The above-mentioned overlay path/tree means a forwarding path/tree
on the overlay network structure, and the underlay path/tree means
a forwarding path/tree on the underlay network structure. The
system 100 can make routing/forwarding decisions on the overlay
network structure and underlay network structure based on a variety
of kinds of routing/forwarding protocols and/or based on different
requirements for quality of service. In addition, an overlay next
hop station indicates a next hop station on the overlay network
structure, and this station is determined after computing and
selecting the specific overlay path/tree. An underlay next hop
station indicates a next hop station on the underlay network
structure, and this station is determined after computing and
selecting the specific underlay path/tree.

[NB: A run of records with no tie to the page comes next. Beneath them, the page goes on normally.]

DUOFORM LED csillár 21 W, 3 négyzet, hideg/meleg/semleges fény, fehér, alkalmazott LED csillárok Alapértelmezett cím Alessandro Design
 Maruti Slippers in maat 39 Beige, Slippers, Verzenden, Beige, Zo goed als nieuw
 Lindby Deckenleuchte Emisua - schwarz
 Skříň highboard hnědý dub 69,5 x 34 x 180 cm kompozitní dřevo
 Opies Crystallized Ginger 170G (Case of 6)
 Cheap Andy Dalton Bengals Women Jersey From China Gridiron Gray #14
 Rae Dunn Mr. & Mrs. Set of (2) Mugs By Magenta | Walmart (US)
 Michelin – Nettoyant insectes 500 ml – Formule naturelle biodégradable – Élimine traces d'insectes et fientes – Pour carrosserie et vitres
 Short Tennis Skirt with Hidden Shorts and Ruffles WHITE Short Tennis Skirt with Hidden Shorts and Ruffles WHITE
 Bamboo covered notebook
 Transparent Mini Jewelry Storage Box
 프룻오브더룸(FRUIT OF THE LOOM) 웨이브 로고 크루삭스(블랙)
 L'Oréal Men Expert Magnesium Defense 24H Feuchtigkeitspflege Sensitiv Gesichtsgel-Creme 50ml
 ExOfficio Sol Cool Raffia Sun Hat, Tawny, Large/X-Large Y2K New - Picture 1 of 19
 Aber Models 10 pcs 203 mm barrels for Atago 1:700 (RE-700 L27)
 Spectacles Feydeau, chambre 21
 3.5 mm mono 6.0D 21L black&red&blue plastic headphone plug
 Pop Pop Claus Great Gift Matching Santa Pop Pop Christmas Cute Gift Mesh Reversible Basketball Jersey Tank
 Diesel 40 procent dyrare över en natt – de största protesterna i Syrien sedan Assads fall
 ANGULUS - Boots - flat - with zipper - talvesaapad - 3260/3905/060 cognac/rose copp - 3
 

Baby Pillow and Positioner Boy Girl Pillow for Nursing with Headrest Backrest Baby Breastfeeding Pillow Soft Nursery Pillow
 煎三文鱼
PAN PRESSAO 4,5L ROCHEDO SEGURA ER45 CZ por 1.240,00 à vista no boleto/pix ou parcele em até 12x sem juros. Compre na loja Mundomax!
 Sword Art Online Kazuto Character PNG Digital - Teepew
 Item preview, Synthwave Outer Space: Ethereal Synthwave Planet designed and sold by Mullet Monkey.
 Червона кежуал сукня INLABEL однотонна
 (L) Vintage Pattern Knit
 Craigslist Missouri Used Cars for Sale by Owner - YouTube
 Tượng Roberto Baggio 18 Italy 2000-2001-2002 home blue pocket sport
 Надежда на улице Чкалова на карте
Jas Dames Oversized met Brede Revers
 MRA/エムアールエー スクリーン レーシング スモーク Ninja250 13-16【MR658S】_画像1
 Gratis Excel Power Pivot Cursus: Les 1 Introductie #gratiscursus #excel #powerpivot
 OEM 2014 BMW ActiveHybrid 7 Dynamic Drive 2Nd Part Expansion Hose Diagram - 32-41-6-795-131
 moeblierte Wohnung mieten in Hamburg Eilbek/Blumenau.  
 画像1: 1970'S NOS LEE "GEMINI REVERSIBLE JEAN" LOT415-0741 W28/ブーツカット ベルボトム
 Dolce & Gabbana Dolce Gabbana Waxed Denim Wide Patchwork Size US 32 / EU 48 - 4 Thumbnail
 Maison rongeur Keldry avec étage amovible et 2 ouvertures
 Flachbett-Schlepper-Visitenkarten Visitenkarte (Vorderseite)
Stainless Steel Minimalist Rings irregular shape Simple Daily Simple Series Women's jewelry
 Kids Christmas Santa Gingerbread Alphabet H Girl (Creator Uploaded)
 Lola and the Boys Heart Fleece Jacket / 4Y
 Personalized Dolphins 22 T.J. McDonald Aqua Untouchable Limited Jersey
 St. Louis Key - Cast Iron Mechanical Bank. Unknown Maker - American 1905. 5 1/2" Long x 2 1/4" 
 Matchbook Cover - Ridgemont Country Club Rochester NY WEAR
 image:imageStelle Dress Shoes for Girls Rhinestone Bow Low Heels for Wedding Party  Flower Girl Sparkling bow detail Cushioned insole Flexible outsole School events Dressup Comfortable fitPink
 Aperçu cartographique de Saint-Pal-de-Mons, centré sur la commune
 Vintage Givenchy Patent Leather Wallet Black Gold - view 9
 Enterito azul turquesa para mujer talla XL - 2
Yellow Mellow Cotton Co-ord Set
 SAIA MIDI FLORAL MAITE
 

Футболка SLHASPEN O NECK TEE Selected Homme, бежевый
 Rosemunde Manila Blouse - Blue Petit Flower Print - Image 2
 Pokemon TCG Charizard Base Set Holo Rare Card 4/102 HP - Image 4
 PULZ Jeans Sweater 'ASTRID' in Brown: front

[0032] After obtaining the information of overlay next hop station
and the information of underlay next hop station, the system 100 is
arranged for encapsulating data of the packet with the information
and transmitting the encapsulated packet. Thus, by steps of FIG. 1,
the system 100 provides overlay header forwarding lookup (looking
up the first table) as well as underlay header forwarding lookup
(looking up the second table) during a single packet processing
procedure for encapsulation of the received packet. Compared with
conventional schemes, the system 100 can reduce longer latency and
save internal bandwidth without losing the capability of multi-path
load balance or load sharing. Additionally, the forwarding
information stored by the first table can comply with IP network
specification or data-link-layer network such as MAC network
specification and the forwarding information stored by the second
table can comply with IP network specification or data-link-layer
network such as MAC network specification. Thus, the system 100 is
capable of supporting L2/L3 overlay network and L2/L3 underlay
network.
[0033] FIG. 2 is a diagram of an embodiment of the system 100 as
shown in FIG. 1. The system 100 comprises a first table 205A, a
second table 205B, and a controller 210. The first table 205A is a
forwarding/routing table for the overlay network structure and
comprises/stores forwarding information of the overlay network
structure. The second table 205B is a forwarding/routing table for
the underlay network structure and comprises/stores forwarding
information of the underlay network structure. The controller 210
is coupled to the first table 205A and second table 205B, and
comprises corresponding multiple logics 210A adapted for performing
Steps 105-140 of FIG. 1. For example, the logics 210A may include
eight logics for respectively performing/executing operations of
Steps 105-140 of FIG. 1, and the eight logics can be formed by a
pipeline mechanism to process incoming data simultaneously. This
makes that ideally no logics will be idle. In addition, the
multiple logics can be implemented by an entirely software
embodiment (including firmware, resident software, micro-code,
etc.) or an embodiment combining software and hardware aspects that
may all generally be referred to as "module." The first table 205A
and second table 205B can be implemented by using identical or
different memory devices. This is not intended to be a limitation
of the present invention.
[0034] In addition, the controller 210 can be implemented by using
an entirely hardware embodiment. FIG. 3 is a diagram of a hardware
embodiment of the controller 210 as shown in FIG. 2. The controller
210 comprises a processing circuit 215 and an output circuit 220.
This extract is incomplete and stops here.